正式名称は小田原文化財団 江之浦測候所。
測候所って気象観測を行う施設?
文化財団って気象観測と何の関係が?
見学は事前の完全予約制?
疑惑は深まる一方ですが、案ずるより産むが易し。
いつもと毛色の違う建築徘徊に出発です。
新素材研究所、現代美術、反骨精神、伝統工法、大谷石、光学硝子、コールテン鋼
訪問記
早朝に出発して都心~湘南の悪夢の渋滞を耐え抜き、やっと正午前に到着。
ここは伊豆半島東の付け根、神奈川県小田原市。
ロングドライブをこなした自分へのご褒美に、近所の食堂で豪華お刺身定食を頂きます。

なんせ見学は午前、午後の1日2回限定。
酒でも飲んで待ちたいところですが、クルマなので自粛して予約した午後1時半の回を待ちます。
待ちに待った入場。
見えてきたのは透け透けのガラス筒。
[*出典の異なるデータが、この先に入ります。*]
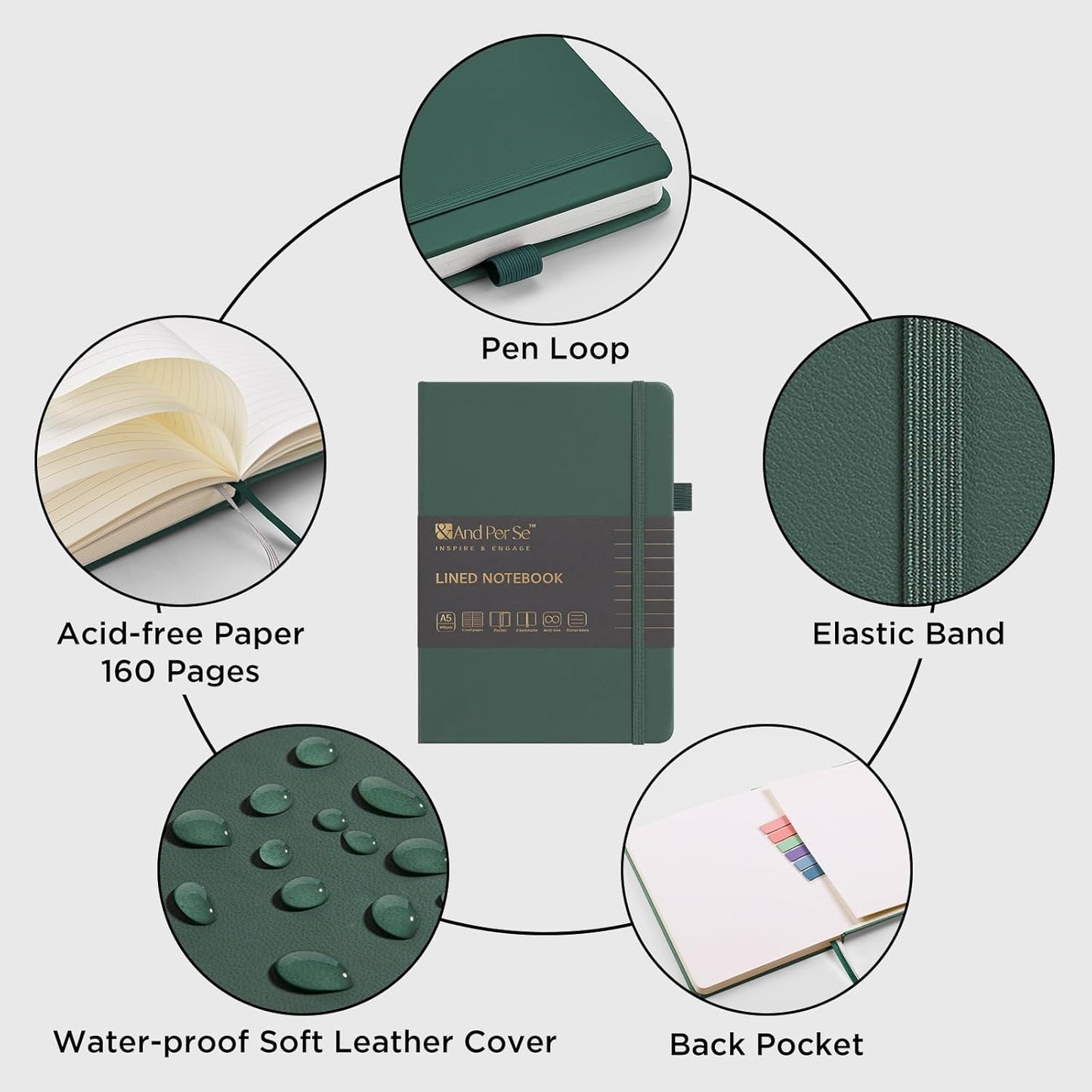 &And Per Se Lined Journal Notebook (10 Packs), 160 Pages, A5 5.7 x 8 inches College Ruled Thick Paper Notebook Journals for Writing, Hardcover Notebooks for Women Men Office School (Green)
長さ100m。
全速力で走っても先端まで10秒ほどかかります。


その先端は夏至の日に太陽が昇る方角に向いているとのことで、なるほど測候所。
大好物の大谷石をはじめ多様な石が配されており、素材に対する並々ならぬこだわりが感じられます。


続いてのお目見えは錆び錆びの鉄筒。長さ70m。


表面の錆が被膜となって錆の内部進行を防ぐコールテン鋼®だそうで、素材に対する並々ならぬこだわりが感じられます。
毒をもって毒を制すってことですかね。
その先端は冬至の日に太陽が昇る方角に向いているとのことで、なるほど測候所。
錆び錆びの横には透け透けの曇天でも青空舞台。


レンズやプリズムに使われる光学硝子だそうで、素材に対する並々ならぬこだわりが感じられます。
下から見ると清水寺っぽくなくもない。
ここで踊るなら清水の舞台から飛び下りる覚悟でどうぞ。スカート履いてたらパンツ丸見え。
もしや光が乱反射して見えそうで見えない仕様?
2本の筒はどちらも異様に跳ね出しており、無意識のうちに視線が空に向かって伸びる仕様。


それぞれ夏至、冬至にはその先に朝日がご来光。
時の流れを取り込んだ現代美術らしい作品です。
先へ進むと現れたるは鋭い注射針の如きオブジェ。
先端の直径5mm、先端が交わるのは無限の彼方。
宇宙の果てに想いを馳せるロマン溢れる作品です。

この『チックン』(正式名称『数理模型0010』)、その後立て続けに兄弟を目撃することになります。


南仏・プロヴァンスと東京・大手町の『チックン』
その他サンフランシスコなどにもあるそうで、世界『チックン』巡りなんてのも楽しそう。
おっと、そろそろ紙幅が尽きそうです。
珠玉の芸術作品をごく一部だけ撮って出し。








素材に加えてその使い方も日本古来の伝統工法にこだわり、現代の高度に洗練された工業製品とは明らかに趣を異にします。
本施設は写真家・現代美術作家の杉本博司さんの構想を具現化したもの。
過度な合理主義・商業主義を声高に非難するのではなく、アートという無言の意思表明で応じる。
杉本さんの反骨精神が感じられて清々しい気持ちになります。かっこヨいです。
思い出すのは奇天烈映画『マルコヴィッチの穴』
7と1/2階のオフィスにある壁の穴を抜けると、そこは俳優ジョン・マルコヴィッチの頭の中。
長い筒の向こうが杉本さんの頭の中ならば、氏の想いが手に取るように分かって楽しいでしょうネ。
な~んて妄想してしまう素晴らしい施設でした。
惜しむらくは、我々ポンコツ夫婦の代名詞「いつでもどこでも雨かドン曇り」を地で行く悪天候。
ぜひ快晴の夏至または冬至に再訪したいものです。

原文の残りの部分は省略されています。